When you say delay the drops, do you mean that the threshold for dropping events is larger? So if I made my page size 256, would that make it far less likely to receive dropped events all together? What would a suggested page size be? I initially thought 16 seemed like plenty, but I haven't found any research to support this. Will I always lose some events? Because that is the behavior I am witnessing right now. It seems like I always eventually start to lose events. Some of this might be due to a feedback loop where my BPF program that monitors file opens collects events triggered by my user space program. I was thinking about using a BPF map that is written by my user space program containing its PID and having all my BPF programs read that map and not write any corresponding events with matching PIDs. Any advice or thoughts on this would be appreciated!

It's hard to give you any definitive answer, it all depends. But think
about this. Perf buffer is a queue. Let's say that your per-CPU buffer
size is 1MB, each of your samples is say 1KB. What does that mean? It
means that at any given time you can't have at most 1024 samples
enqueued. So, if your BPF program in the kernel generates those 1024
samples faster than the user-space side consumes them, then you'll
have drops. So you have many ways to reduce drops:

1. Generate events at the lower rate. E.g., add sampling, filter
unuseful events, etc. This will give user-space side time to consume.
2. Speed up user-space. Many things can influence this. You can do
less work per item. You can ensure you start reacting to items sooner
by increasing priority of your consumer thread and/or pin it to a
dedicated CPU, etc.
3. Reduce the size of the event. If you can reduce sample size from
1KB to 512B by more effective data encoding or dropping unnecessary
data, you suddenly will be able to produce up to 2048 events before
running out of space. That will give your user-space more time to
consume data.
4. Increase per-CPU buffer size. Going from 1MB to 2MB will have the
same effect as reducing sample size from 1KB to 512B, again,
increasing the capacity of your buffer and thus giving more time to
consumer data.

Hope that makes sense and helps showing that I can't answer your
questions, you'll need to do analysis on your own based on your
specific implementation and problem domain.
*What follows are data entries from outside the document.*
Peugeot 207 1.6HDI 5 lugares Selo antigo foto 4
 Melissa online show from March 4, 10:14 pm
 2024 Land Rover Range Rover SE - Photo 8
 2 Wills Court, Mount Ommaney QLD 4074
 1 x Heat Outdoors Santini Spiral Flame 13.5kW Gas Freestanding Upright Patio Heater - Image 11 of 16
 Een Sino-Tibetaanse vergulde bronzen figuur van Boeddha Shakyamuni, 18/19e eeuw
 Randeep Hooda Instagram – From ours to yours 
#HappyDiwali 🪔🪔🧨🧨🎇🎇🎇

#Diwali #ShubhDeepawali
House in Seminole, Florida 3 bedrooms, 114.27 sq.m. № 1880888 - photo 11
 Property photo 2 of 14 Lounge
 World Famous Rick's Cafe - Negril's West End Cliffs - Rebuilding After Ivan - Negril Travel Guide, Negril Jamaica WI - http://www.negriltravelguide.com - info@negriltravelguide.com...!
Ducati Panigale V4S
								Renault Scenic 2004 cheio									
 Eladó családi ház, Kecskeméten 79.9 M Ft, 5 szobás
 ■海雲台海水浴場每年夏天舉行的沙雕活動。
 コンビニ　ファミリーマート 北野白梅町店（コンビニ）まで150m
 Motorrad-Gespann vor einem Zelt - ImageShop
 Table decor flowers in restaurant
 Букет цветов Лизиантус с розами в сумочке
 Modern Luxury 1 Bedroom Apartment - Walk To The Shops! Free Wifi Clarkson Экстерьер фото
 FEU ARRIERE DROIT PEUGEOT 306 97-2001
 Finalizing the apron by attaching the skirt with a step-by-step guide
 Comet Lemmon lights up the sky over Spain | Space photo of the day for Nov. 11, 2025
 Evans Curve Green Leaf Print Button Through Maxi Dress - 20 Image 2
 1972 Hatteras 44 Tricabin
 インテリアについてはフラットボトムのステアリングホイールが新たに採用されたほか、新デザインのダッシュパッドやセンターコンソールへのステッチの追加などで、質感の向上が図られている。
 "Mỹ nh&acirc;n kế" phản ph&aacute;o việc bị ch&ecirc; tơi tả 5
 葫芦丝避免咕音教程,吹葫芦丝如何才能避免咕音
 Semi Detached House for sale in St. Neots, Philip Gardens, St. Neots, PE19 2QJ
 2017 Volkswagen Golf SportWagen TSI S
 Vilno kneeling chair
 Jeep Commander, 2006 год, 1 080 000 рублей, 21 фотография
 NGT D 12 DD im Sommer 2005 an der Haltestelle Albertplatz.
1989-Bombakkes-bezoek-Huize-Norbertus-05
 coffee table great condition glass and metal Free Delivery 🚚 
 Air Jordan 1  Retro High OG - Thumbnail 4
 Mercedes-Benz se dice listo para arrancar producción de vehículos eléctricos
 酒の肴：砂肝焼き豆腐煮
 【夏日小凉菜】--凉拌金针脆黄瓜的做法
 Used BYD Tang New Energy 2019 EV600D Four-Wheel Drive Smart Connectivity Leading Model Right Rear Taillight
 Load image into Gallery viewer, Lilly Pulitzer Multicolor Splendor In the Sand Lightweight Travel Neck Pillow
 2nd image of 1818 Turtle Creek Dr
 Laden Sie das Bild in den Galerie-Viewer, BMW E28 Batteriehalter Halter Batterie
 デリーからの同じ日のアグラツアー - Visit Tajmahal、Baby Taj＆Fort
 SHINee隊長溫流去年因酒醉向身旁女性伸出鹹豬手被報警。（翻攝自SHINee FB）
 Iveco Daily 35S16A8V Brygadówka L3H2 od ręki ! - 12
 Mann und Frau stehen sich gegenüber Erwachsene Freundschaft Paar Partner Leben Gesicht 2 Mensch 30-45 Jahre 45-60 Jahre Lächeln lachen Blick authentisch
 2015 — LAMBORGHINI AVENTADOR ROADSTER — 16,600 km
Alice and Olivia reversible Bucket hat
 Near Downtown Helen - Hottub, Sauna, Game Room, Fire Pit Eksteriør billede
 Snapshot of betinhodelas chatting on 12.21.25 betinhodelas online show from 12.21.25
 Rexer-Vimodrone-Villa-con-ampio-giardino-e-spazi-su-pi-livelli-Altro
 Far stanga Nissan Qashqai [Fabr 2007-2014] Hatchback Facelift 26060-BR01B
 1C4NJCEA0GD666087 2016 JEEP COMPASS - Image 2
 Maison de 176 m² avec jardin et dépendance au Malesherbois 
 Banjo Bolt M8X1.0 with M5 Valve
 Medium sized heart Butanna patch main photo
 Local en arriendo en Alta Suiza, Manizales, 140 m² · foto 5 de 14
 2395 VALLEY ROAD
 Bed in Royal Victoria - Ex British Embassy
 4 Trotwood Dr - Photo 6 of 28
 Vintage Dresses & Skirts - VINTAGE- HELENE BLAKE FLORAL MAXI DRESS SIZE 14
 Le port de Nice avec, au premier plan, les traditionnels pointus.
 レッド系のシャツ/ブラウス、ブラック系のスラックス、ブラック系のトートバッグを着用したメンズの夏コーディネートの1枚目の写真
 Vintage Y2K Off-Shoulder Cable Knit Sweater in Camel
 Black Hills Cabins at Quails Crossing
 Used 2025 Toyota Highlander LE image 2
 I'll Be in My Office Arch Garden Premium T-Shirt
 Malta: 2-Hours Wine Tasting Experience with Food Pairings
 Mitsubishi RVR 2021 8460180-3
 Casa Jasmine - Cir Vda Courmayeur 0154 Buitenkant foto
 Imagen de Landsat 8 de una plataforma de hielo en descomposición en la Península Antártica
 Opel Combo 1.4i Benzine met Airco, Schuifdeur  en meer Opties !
Some of the event loss might also be attributed to the inefficiencies of my looping mechanism. Although I think the feedback loop might be the bigger culprit. I am thinking about following the Sysdig approach, which is to have a single perf buffer that is used by all my BPF programs (16 in total). This would remove the loop and eliminate all but 1 perf buffer. I would think that would be more efficient because I am removing 15 perf buffers and their epoll_waits. Then I would use a ID member of each passed data structure to properly read the data.

Yes, that would be a good approach. It's better to have 16x bigger
single perf_buffer shared across all BPF programs, than 16 separate
smaller perf buffers. Because you can absorb event spikes more
effectively.

One way I can help you, if you do need to have multiple
PERF_EVENT_ARRAY maps that you need to consume, is to add perf_buffer
APIs similar to ring_buffer that would allow to epoll all of them
simultaneously. Let me know if you are interested. That will
effectively eliminate your outer (LIST_FOREACH(evt, &event_head,
list)), you'll be just doing while(true) perf_buffer__poll() across
all perf buffers simultaneously. But single perf_buffer allows you to
do the same, effectively.